What emerged is not a fragmented conversation, but a convergence. Actors with varying ideological positions aligned almost immediately around a single, highly specific message: that Israel had manipulated the United States into war.

There are clear indicators that this amplification was not organic. Identical phrasing appeared across multiple Facebook groups simultaneously, while certain accounts posted the same content across platforms at the same time – patterns consistent with coordinated, inauthentic behavior.
This is where the story becomes more consequential.
Because when we turn back to mainstream media coverage, we see a similar emphasis begin to take hold. CNN, for example, highlighted Kent’s claim as a central takeaway from the interview: “Repeated claims that Israel drew US into Iran war.” The Associated Press ran with a headline stating: “Joe Kent’s resignation over Iran war reignites antisemitism fears and debate over Israeli influence,” while ABC News used nearly identical framing.

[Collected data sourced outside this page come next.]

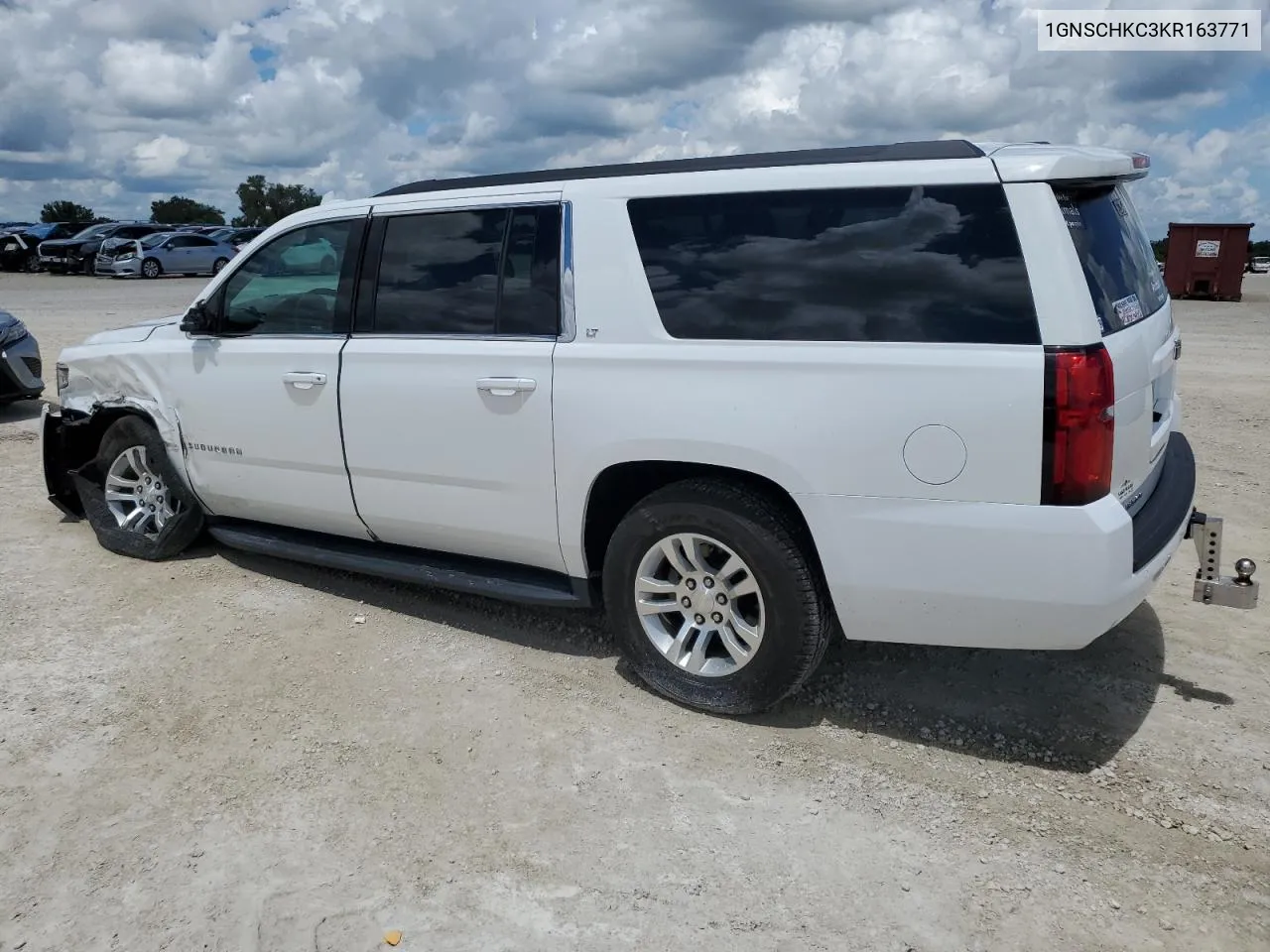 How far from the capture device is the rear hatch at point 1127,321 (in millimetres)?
3107

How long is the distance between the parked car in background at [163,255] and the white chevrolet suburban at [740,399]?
27158 millimetres

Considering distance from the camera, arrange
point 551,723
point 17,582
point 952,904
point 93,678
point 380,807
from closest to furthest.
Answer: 1. point 952,904
2. point 380,807
3. point 551,723
4. point 93,678
5. point 17,582

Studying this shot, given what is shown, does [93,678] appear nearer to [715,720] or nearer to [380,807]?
[380,807]

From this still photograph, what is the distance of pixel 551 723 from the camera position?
377 cm

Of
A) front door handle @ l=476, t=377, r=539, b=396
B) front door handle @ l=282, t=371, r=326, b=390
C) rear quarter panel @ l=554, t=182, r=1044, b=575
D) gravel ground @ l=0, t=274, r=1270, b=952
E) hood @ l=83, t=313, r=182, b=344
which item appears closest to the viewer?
gravel ground @ l=0, t=274, r=1270, b=952

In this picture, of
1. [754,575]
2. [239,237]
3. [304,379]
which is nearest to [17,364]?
[304,379]

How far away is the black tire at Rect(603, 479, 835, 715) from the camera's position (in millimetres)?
3480

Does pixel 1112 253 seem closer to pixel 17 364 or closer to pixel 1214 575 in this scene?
pixel 1214 575

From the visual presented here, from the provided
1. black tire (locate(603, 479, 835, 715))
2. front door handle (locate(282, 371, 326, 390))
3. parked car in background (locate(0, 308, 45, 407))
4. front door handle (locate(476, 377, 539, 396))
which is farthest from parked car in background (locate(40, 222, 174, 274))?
black tire (locate(603, 479, 835, 715))

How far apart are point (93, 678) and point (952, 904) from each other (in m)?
3.42

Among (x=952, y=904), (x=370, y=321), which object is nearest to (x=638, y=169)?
(x=370, y=321)

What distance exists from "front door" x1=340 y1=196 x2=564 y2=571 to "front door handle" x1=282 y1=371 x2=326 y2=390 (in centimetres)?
16

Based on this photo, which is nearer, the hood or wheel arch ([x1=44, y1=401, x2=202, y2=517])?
wheel arch ([x1=44, y1=401, x2=202, y2=517])

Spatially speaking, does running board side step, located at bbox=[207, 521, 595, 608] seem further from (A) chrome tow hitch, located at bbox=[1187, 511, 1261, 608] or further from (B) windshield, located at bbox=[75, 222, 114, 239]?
(B) windshield, located at bbox=[75, 222, 114, 239] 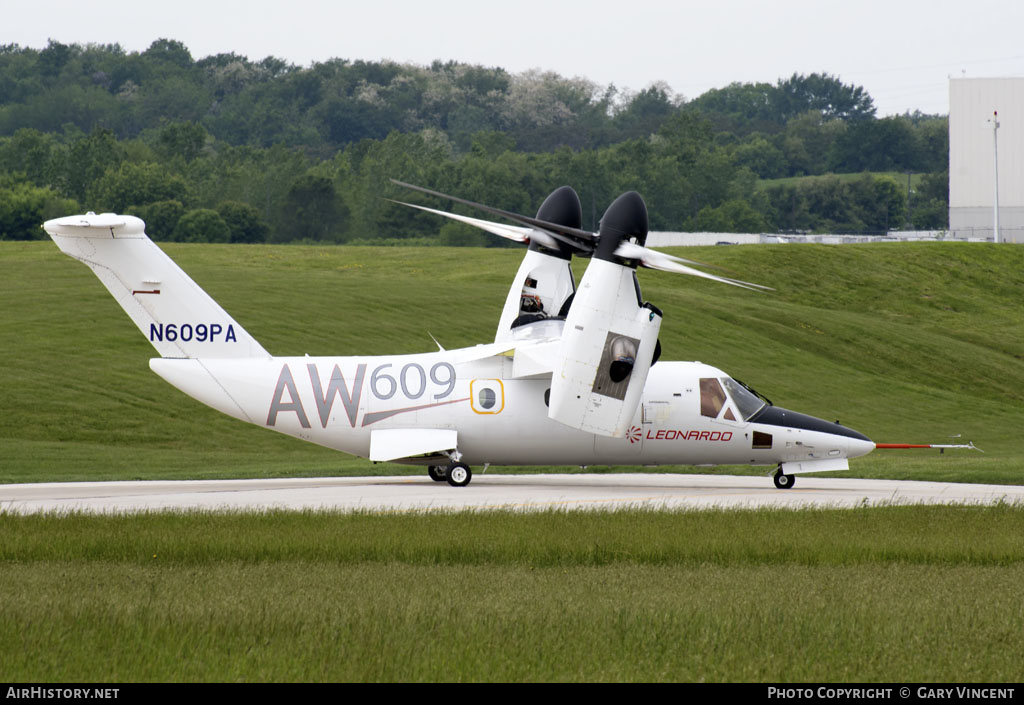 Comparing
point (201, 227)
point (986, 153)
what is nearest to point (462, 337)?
point (201, 227)

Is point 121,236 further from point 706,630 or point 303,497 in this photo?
point 706,630

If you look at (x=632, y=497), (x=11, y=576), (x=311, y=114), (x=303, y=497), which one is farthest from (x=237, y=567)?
(x=311, y=114)

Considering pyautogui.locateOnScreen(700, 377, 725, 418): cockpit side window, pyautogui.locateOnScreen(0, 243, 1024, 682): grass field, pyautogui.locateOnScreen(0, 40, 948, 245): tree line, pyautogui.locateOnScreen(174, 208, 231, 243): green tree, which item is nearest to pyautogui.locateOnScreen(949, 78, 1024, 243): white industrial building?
pyautogui.locateOnScreen(0, 40, 948, 245): tree line

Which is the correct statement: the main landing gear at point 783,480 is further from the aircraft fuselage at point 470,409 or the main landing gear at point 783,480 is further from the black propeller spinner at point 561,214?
the black propeller spinner at point 561,214

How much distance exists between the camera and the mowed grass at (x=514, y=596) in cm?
925

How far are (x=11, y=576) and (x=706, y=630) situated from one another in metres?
7.09

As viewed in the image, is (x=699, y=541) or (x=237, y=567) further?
(x=699, y=541)

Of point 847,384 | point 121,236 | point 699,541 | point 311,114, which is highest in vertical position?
point 311,114

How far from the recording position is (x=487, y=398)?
2480 centimetres

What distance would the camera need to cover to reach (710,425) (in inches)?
991

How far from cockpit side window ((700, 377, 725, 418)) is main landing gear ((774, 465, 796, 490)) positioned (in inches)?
73.7

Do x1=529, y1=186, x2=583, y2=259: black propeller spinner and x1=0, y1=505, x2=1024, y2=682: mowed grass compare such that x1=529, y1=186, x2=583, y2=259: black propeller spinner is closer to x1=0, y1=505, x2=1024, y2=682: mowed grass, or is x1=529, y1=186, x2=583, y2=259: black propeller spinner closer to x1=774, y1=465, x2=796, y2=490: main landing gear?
x1=774, y1=465, x2=796, y2=490: main landing gear

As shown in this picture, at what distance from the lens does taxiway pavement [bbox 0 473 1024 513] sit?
20.7m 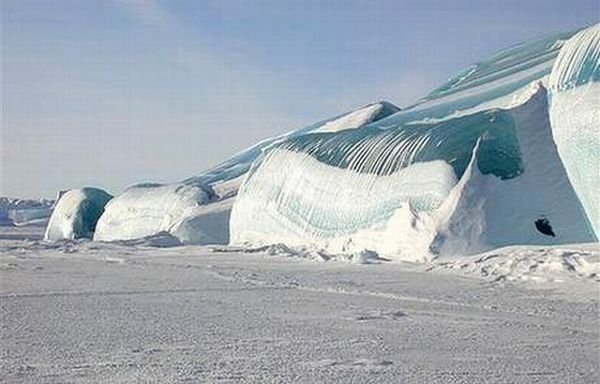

In other words, the same narrative that was rapidly amplified across state media, ideological networks, and coordinated online ecosystems began to shape the contours of mainstream reporting.
This does not mean that journalists are deliberately echoing propaganda. But it does illustrate how modern information flows operate.
Narratives are selected, amplified, and made salient on social media, often by actors with clear agendas. Those narratives then seep into mainstream coverage, not always as explicit endorsements, but as framing choices: which claims are foregrounded, which are repeated, and which are allowed to define the story.
And once that happens, the feedback loop is complete.
Joe Kent is not an anonymous account or fringe activist. He is a former senior counterterrorism official. That status gives his words weight, allowing a narrative that might otherwise be dismissed to travel further, faster, and with greater legitimacy.
That is what makes this moment so significant. Not just what Joe Kent said, but how it spread.
And how quickly it was absorbed into coverage that should have been interrogating it.